10 Facts about TB Two billion people–one third of the world’s total population–are infected with TB bacilli, the microbes that cause TB. One in every 10 of those people will become sick with active TB in his or her lifetime. People living with HIV are at a much greater risk. WHO aims to reach all patients through health systems and primary health care and is working with other agencies to achieve the target under the Millennium Development Goals (MDG).

  • Tuberculosis (TB) is contagious and spreads through the air. If not treated, each person with active TB can infect on average 10 to 15 people a year. Two billion people, equal to one third of the world’s total population, are infected with TB bacilli, the microbes that cause TB. One in every 10 of those people will become sick with active TB in his or her lifetime. People living with HIV are at a much greater risk
  • Four out of ten people who become ill with tuberculosis fail to get accurate diagnosis and effective treatment.
  • A total of 1.6 million people died from TB in 2005, equal to about 4400 deaths a day. TB is a disease of poverty, affecting mostly young adults in their most productive years. The vast majority of TB deaths are in the developing world, with more than half occurring in Asia.
  • TB is a leading killer among people living with HIV, who have weakened immune systems. About 200 000 people with HIV die from TB every year, most of them in Africa.
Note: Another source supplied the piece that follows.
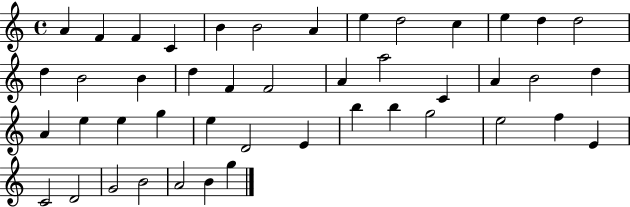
A4/q F4/q F4/q C4/q B4/q B4/h A4/q E5/q D5/h C5/q E5/q D5/q D5/h D5/q B4/h B4/q D5/q F4/q F4/h A4/q A5/h C4/q A4/q B4/h D5/q A4/q E5/q E5/q G5/q E5/q D4/h E4/q B5/q B5/q G5/h E5/h F5/q E4/q C4/h D4/h G4/h B4/h A4/h B4/q G5/q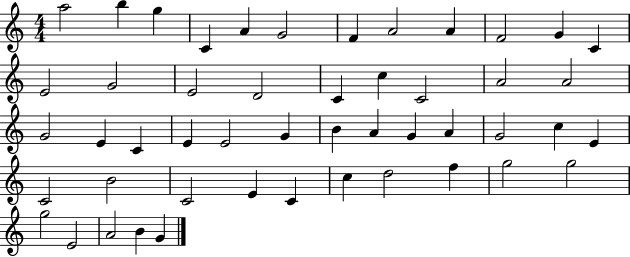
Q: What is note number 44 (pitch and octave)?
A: G5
  • There were 8.8 million new TB cases in 2005, of which 80% were in just 22 countries. Per capita, global TB incidence rates are now stable or falling in all six WHO regions. But the total number of cases is still rising in the African, Eastern Mediterranean and South East Asian regions.
  • TB is a worldwide pandemic. Although the highest rates per capita are in Africa (28% of all TB cases), half of all new cases are in six Asian countries (Bangladesh, China, India, Indonesia, Pakistan and the Philippines).
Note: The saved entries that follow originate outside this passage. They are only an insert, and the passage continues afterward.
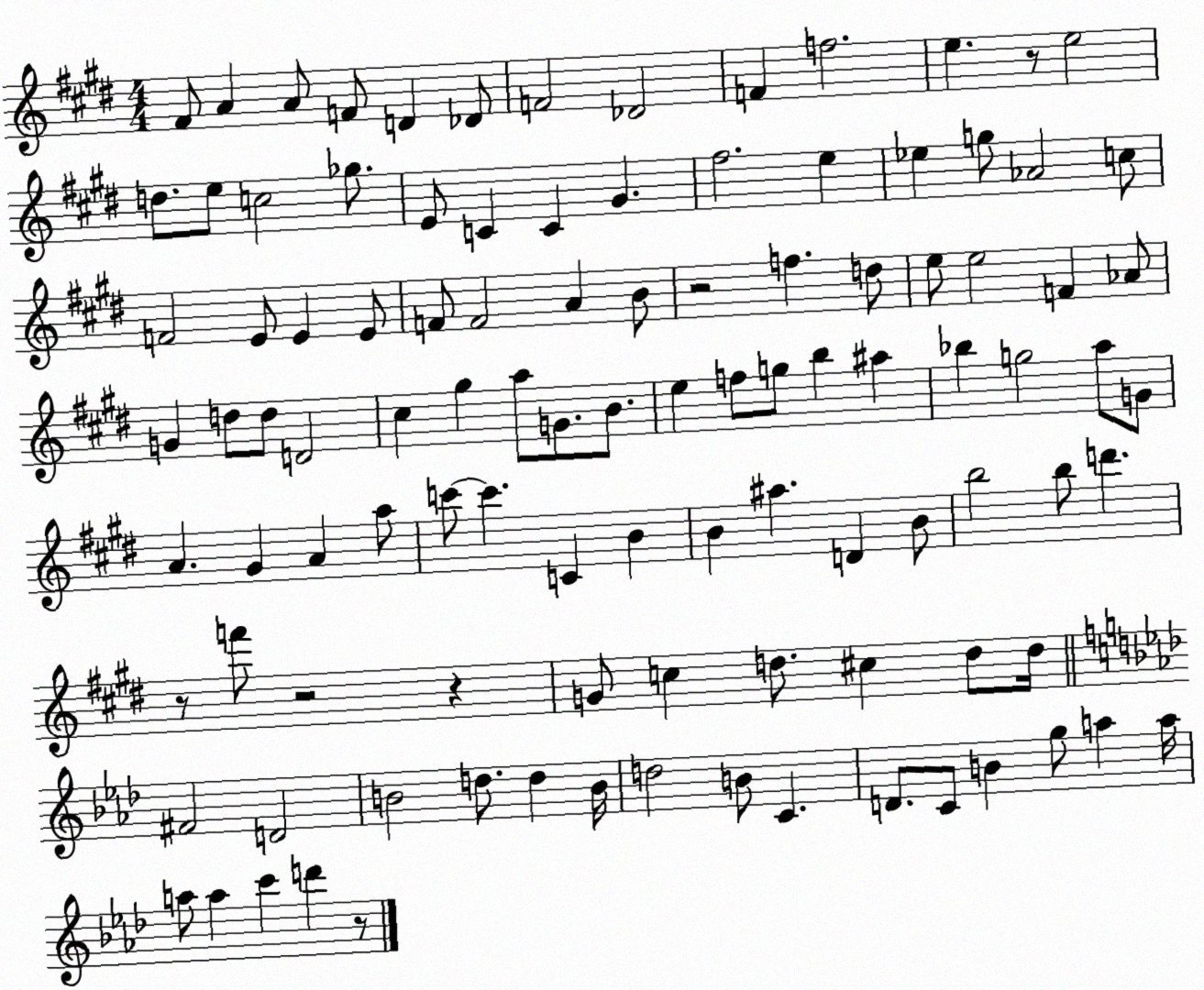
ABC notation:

X:1
T:Untitled
M:4/4
L:1/4
K:E
^F/2 A A/2 F/2 D _D/2 F2 _D2 F f2 e z/2 e2 d/2 e/2 c2 _g/2 E/2 C C ^G ^f2 e _e g/2 _A2 c/2 F2 E/2 E E/2 F/2 F2 A B/2 z2 f d/2 e/2 e2 F _A/2 G d/2 d/2 D2 ^c ^g a/2 G/2 B/2 e f/2 g/2 b ^a _b g2 a/2 G/2 A ^G A a/2 c'/2 c' C B B ^a D B/2 b2 b/2 d' z/2 f'/2 z2 z G/2 c d/2 ^c d/2 d/4 ^F2 D2 B2 d/2 d B/4 d2 B/2 C D/2 C/2 B g/2 a a/4 a/2 a c' d' z/2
  • Multidrug-resistant TB (MDR-TB) is a form of TB that does not respond to the standard treatments using first-line drugs. MDR-TB is present in virtually all countries recently surveyed by WHO and its partners. About 450,000 new MDR-TB cases are estimated to occur every year. The highest occurrence rates of MDR-TB are in China and the countries of the former Soviet Union.
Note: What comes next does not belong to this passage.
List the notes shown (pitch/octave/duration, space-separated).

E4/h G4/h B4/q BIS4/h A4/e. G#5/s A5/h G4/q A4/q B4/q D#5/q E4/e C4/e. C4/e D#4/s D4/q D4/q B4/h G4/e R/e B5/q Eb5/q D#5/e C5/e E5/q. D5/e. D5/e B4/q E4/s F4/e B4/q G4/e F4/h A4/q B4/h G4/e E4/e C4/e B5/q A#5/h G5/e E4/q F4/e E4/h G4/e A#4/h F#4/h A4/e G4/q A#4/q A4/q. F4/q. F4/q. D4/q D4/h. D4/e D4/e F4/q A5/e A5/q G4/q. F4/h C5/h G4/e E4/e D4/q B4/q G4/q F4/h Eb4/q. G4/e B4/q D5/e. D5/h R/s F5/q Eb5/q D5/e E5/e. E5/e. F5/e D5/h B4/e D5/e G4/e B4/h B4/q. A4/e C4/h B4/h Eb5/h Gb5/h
  • Extensively drug-resistant TB (XDR-TB) occurs when resistance to second-line drugs develops. It is extremely difficult to treat and cases have been confirmed in South Africa and worldwide.
  • WHO’s Stop TB Strategy aims to reach all patients and achieve the target under the Millennium Development Goals (MDG): to reduce by 2015 the prevalence of and deaths due to TB by 50% relative to 1990 and reverse the trend in incidence. The strategy emphasises the need for proper health systems and the importance of effective primary health care to address the TB epidemic.
  • The Global Plan to Stop TB 2006-2015, launched in January 2006, aims to achieve the MDG target with an investment of US$ 56 billion. This represents a three-fold increase in investment from 2005.